Charlie Cook: GOP's Core Value Is "Competence"
October 10, 2007 -- 12:00 PM EST // //
One of the more bizarre facets of a lot of our political analysis today is how arbitrary it often is. The basic assumptions underlying much of it often seem like they were invented out of nothing, or were settled on in some sort of Secret Society of Punditry mountaintop meeting.
Here, for instance, is Charlie Cook, one of the most respected of nonpartisan analysists, weighing in with a piece arguing that the GOP is now seen by voters as incompetent and thus faces an uphill struggle in 2008. That's all fine. But then he hits us with this:
If one was to say what the core value is for each party, it might be compassion for Democrats and competence for Republicans. Democrats are expected to really care about people, and Republicans are supposed to be able to manage things well. When a party strays from its core value, it is in trouble. Republicans learned this from Hurricane Katrina, the war in Iraq, federal budget deficits and runaway spending.I'm going to politely disagree with this. Where does this idea that the "core value" of the Democratic Party is "compassion" while that of the GOP is "competence" come from, exactly? What is it based on? Do voters generally see the parties this way? Polling has consistently shown for awhile now that the electorate trusts Dems more than Republicans to handle a range of issues. Not all issues, but a lot of them. Is this idea based on the actual performance of the parties? Hardly.
Do Democrats and Republicans themselves see things this way? Plenty of Democrats think of themselves as emphasizing competence; plenty of Republicans will sincerely argue that lots of their party's policies are rooted in compassion. This generalization is just too enormous to have any value at all. Voters expect both parties to be competent. When one of them flops on this score, the voters get pissed off, as they are at the GOP right now. Indeed, the public is pretty ticked at the Dems, too, for not showing the competence to end this stinking war.

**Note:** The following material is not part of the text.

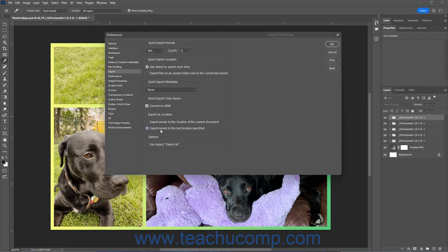If desired, to enable the Older Legacy Export As feature in Photoshop, check the Use Legacy Export As checkbox in the Options section. To apply the default export settings in Photoshop after changing them, click the OK button in the Preferences dialog box. Alternatively, to discard the changes and close the Preferences dialog box, click the Cancel button.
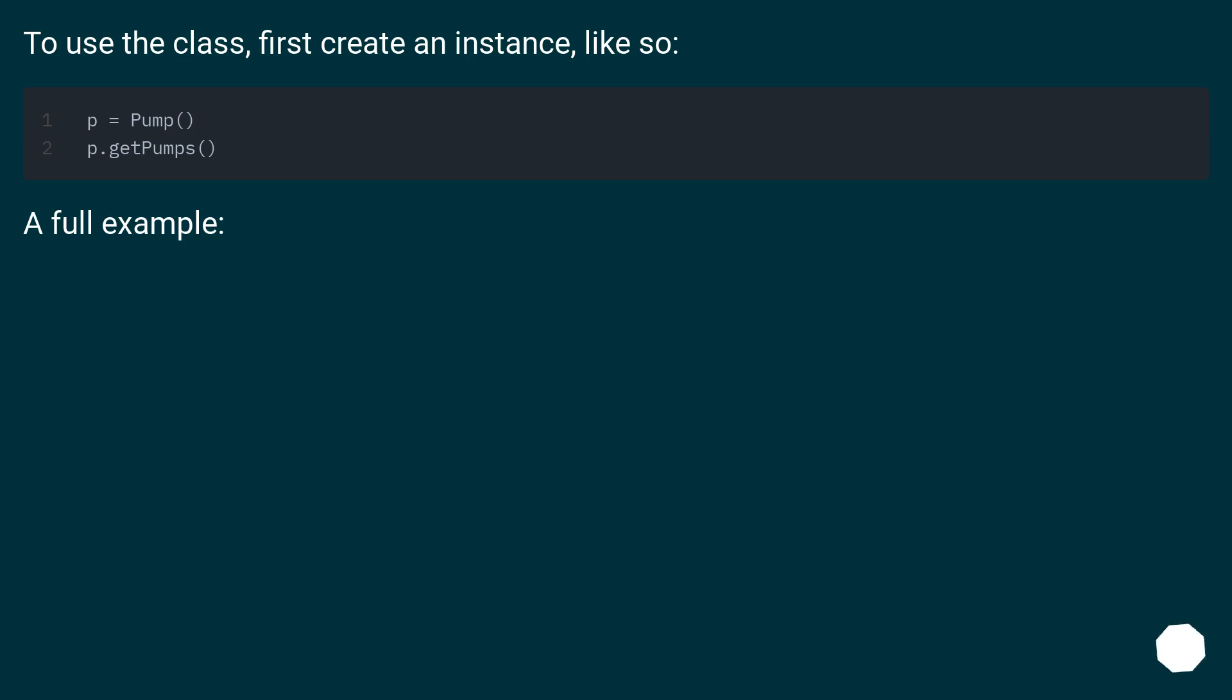To use the class, first create an instance, like so. A full example:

The reason this matters is that this really is the sort of key assumption that underlies and informs much of our political analysis. In this case, the assumption is best described as the "soft-hard" dichotomy. The idea here is that the Dems' emphasis on the "soft" quality of compassion -- i.e., the idea that government should try to make people's lives better -- is somehow incompatible with more "hard-headed" qualities possessed by the GOP that better suit them to "competent" governance.
This dichotomy is a false one -- compassion and competence are not mutually exclusive in any way. Yet as arbitrary as constructs like these are, they really drive much of our political analysis today. No idea how to change that.